How to effectively read millions of rows from Cassandra? - apache-spark

I have a hard task to read from a Cassandra table millions of rows. Actually this table contains like 40~50 millions of rows.
The data is actually internal URLs for our system and we need to fire all of them. To fire it, we are using Akka Streams and it have been working pretty good, doing some back pressure as needed. But we still have not found a way to read everything effectively.
What we have tried so far:
Reading the data as Stream using Akka Stream. We are using phantom-dsl that provides a publisher for a specific table. But it does not read everything, only a small portion. Actually it stops to read after the first 1 million.
Reading using Spark by a specific date. Our table is modeled like a time series table, with year, month, day, minutes... columns. Right now we are selecting by day, so Spark will not fetch a lot of things to be processed, but this is a pain to select all those days.

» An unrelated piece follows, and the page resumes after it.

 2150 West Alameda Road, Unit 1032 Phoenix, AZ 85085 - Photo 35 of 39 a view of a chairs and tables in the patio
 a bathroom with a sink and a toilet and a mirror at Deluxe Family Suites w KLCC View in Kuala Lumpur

The code is the following:
val cassandraRdd =
sc
.cassandraTable("keyspace", "my_table")
.select("id", "url")
.where("year = ? and month = ? and day = ?", date.getYear, date.getMonthOfYear, date.getDayOfMonth)

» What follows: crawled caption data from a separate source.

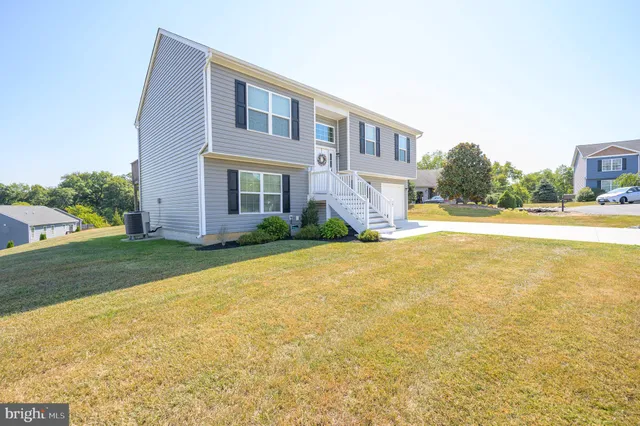 a front view of house with yard and trees in the background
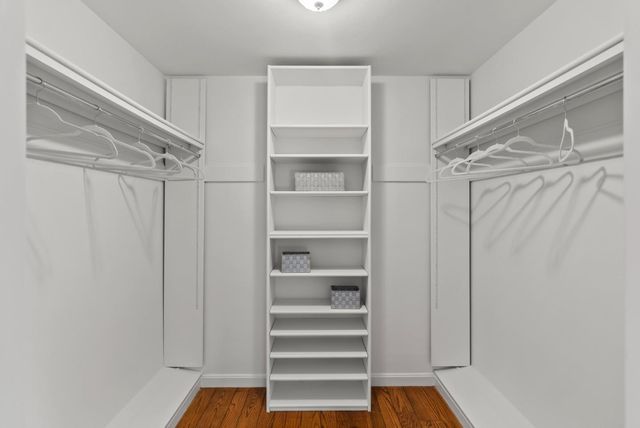 a bathroom with a granite countertop sink mirror and a bathtub
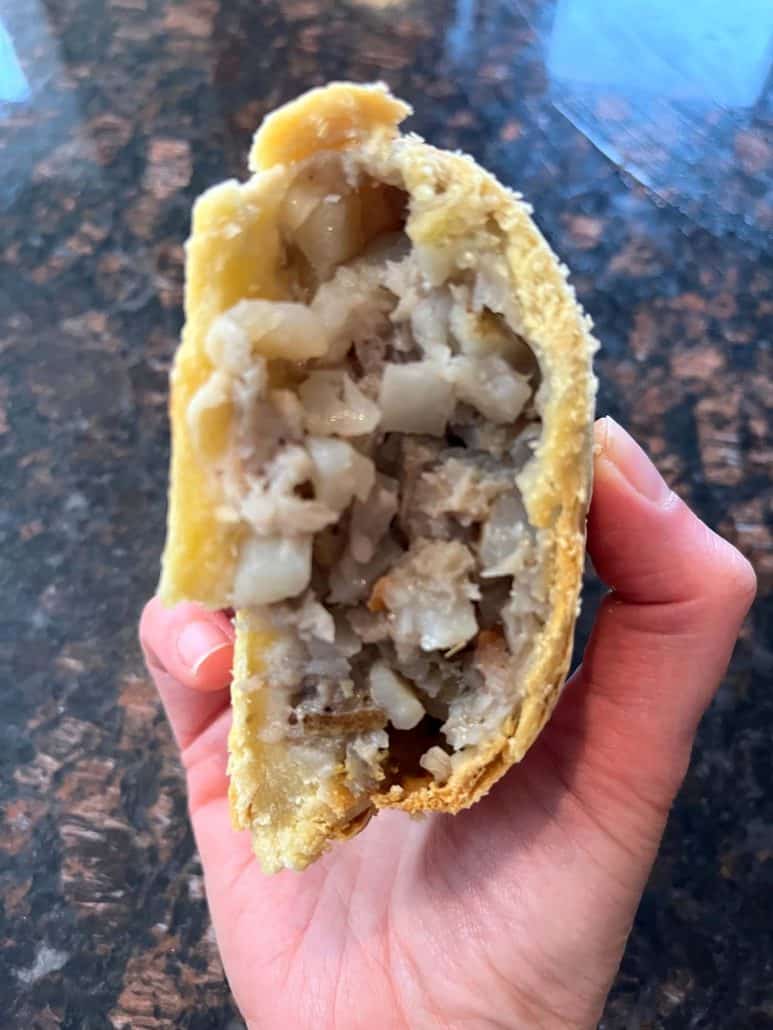 Melanie Mendelson from melaniecooks.com holding a half freshly air-fried pasty, revealing its warm, savory filling of potatoes and meat inside a crispy, golden crust.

Unfortunately I can't iterate over the partitions to get less data, I have to use a collect because it complains the actor is not serializable.

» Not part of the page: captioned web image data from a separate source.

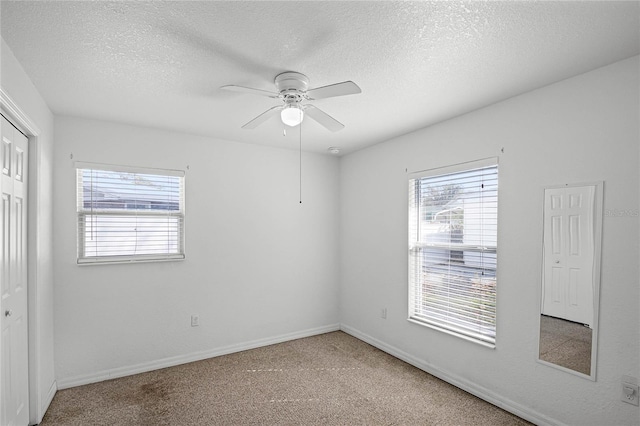 carpeted empty room with ceiling fan and a textured ceiling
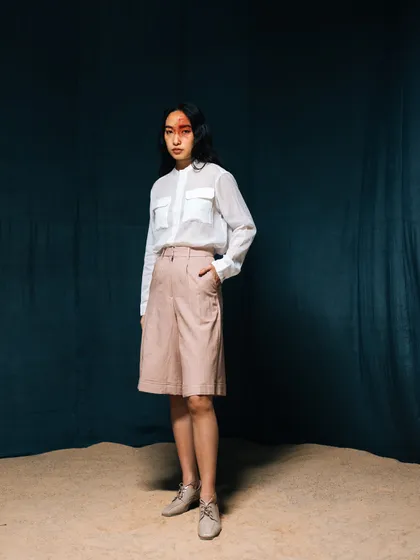 A full-length shot from the same campaign, showing the complete look of a sheer white shirt and tailored shorts. The set includes sand on the floor, adding a textural, earthy element.
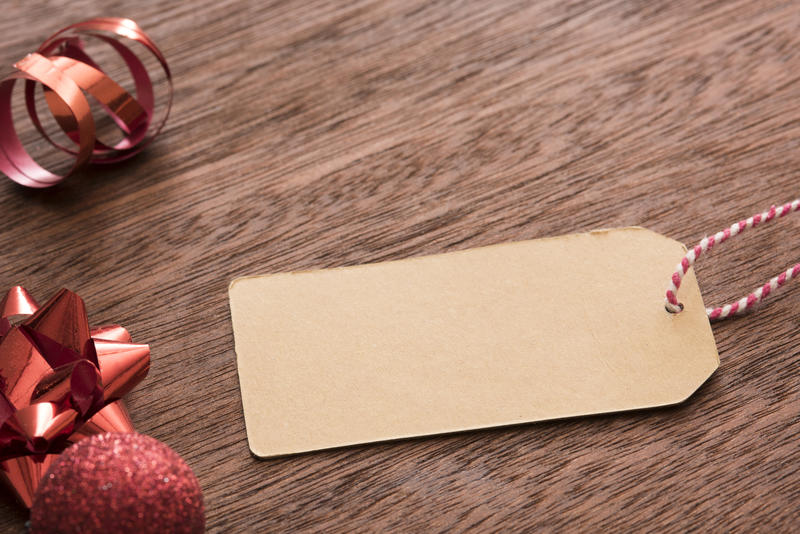 Blank brown gift tag with copy space for your holiday greeting lying on a wooden table with red Christmas decorations
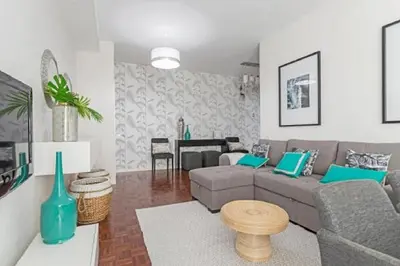 a living room with a couch and a table at Casa Branca by Homie in Funchal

val httpPool: Flow[(HttpRequest, String), (Try[HttpResponse], String), HostConnectionPool] = Http().cachedHostConnectionPool[String](host, port).async
val source =
Source
.actorRef[CassandraRow](10000000, OverflowStrategy.fail)
.map(row => makeUrl(row.getString("id"), row.getString("url")))
.map(url => HttpRequest(uri = url) -> url)
val ref = Flow[(HttpRequest, String)]
.via(httpPool.withAttributes(ActorAttributes.supervisionStrategy(decider)))
.to(Sink.actorRef(httpHandlerActor, IsDone))
.runWith(source)
cassandraRdd.collect().foreach { row =>
ref ! row
}
I would like to know if any of you have such experience on reading millions of rows for doing anything different from aggregation and so on.
Also I have thought to read everything and send to a Kafka topic, where I would be receiving using Streaming(spark or Akka), but the problem would be the same, how to load all those data effectively ?
EDIT
For now, I'm running on a cluster with a reasonable amount of memory 100GB and doing a collect and iterating over it.
Also, this is far different from getting bigdata with spark and analyze it using things like reduceByKey, aggregateByKey, etc, etc.
I need to fetch and send everything over HTTP =/
So far it is working the way I did, but I'm afraid this data get bigger and bigger to a point where fetching everything into memory makes no sense.
Streaming this data would be the best solution, fetching in chunks, but I haven't found a good approach yet for this.
At the end, I'm thinking of to use Spark to get all those data, generate a CSV file and use Akka Stream IO to process, this way I would evict to keep a lot of things in memory since it takes hours to process every million.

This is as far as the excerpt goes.